• WHAT TO DO: Your task is to copy exactly the lines from the line containing "Snowmobile rider speeding" through the end of the listing below, with pictures left out.

• COLLECTED DATA:
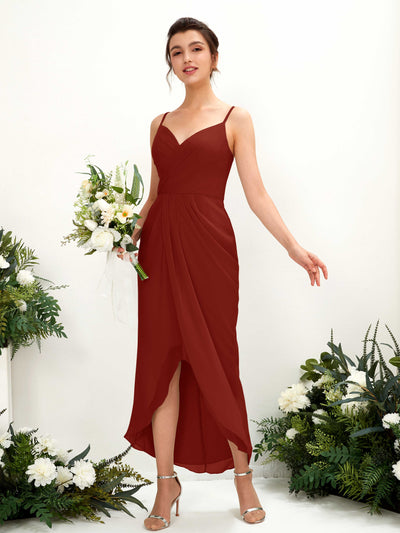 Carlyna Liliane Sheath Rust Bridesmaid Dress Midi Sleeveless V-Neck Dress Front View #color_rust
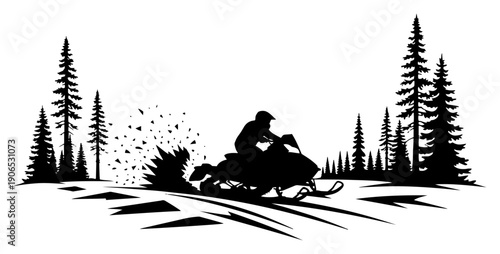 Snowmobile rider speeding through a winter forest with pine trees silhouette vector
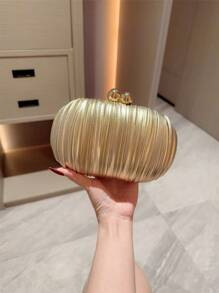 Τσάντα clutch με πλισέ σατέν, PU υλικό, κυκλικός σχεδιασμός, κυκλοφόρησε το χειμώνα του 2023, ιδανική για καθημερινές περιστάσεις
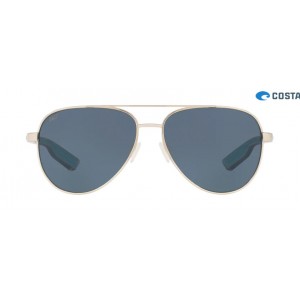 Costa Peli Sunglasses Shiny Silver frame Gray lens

• TASK RESULT:
 Snowmobile rider speeding through a winter forest with pine trees silhouette vector
 Τσάντα clutch με πλισέ σατέν, PU υλικό, κυκλικός σχεδιασμός, κυκλοφόρησε το χειμώνα του 2023, ιδανική για καθημερινές περιστάσεις
 Costa Peli Sunglasses Shiny Silver frame Gray lens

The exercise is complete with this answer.